R_exe=/appl/R/bin/R-3.4.1
#export TMPDIR=Path_to_your_scratch_directory
export R_BATCH_OPTIONS="--no-save"
# -- commands you want to execute -- # 
$R_exe CMD BATCH My_parallel_script.R

The main difference in the script is that we ask for more than one core

#BSUB -n 10
#BSUB -R "span[hosts=1]"

In this example, the request is for 10 cores on a single node. Then, instead of letting the R-package to discover how many cores are available, read from inside R the environment variable LSB_DJOB_NUMPROC, for example with

cores <- as.numeric(Sys.getenv('LSB_DJOB_NUMPROC'))

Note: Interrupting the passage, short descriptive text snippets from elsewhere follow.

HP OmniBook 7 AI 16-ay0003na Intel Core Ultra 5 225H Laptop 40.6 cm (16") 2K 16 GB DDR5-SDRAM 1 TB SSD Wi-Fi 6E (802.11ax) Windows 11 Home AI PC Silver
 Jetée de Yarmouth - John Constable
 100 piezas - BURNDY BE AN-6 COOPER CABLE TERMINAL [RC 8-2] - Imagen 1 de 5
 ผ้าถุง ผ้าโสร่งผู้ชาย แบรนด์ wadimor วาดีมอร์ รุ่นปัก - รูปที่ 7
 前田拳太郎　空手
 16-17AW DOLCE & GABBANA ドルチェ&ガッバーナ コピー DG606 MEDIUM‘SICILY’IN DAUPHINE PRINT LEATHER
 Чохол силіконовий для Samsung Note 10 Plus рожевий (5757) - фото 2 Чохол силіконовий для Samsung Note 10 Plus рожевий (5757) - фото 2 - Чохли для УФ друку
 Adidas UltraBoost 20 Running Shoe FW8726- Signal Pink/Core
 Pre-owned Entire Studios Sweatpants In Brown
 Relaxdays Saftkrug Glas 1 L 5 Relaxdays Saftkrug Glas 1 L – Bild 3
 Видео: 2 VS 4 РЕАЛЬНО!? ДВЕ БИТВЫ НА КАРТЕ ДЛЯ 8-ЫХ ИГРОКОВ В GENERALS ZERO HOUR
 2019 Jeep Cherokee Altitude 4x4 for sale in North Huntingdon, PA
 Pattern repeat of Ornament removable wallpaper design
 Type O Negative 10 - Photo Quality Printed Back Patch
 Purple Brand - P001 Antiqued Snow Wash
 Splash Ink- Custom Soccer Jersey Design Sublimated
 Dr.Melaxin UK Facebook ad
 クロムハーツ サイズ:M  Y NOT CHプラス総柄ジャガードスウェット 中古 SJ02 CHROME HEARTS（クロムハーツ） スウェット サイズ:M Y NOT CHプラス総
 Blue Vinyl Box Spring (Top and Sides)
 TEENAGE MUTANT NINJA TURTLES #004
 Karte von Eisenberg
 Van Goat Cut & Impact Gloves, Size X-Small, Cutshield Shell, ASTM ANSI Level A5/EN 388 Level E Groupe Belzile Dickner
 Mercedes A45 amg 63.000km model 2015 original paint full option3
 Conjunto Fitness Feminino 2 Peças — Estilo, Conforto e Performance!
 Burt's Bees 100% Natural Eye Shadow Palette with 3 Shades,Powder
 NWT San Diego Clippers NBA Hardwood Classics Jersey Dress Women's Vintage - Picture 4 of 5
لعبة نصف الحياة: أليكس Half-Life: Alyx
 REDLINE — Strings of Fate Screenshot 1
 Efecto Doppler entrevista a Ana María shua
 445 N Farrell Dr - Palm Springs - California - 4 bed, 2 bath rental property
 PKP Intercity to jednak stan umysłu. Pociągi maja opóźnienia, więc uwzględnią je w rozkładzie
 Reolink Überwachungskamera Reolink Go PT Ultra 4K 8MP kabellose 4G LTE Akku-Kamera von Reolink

And use then this variable to set the amount of processes/threads in your R run. In this way, you are sure that:

  • you do not start more processes than the cores that you have actually requested.
  • you do not have to change the R-script, if you decide to make another run with a different number of cores.

NOTE

Running R across multiple nodes is not trivial. A lot depends on the specific package providing the parallelism. And almost all these packages rely on an underlying communication layer, and even if the package installation is successful, the communication across nodes can be impossible. For this reason, at the moment R cannot run on our cluster on more than one node. If you need to do this, write us, and we will look into the specific case.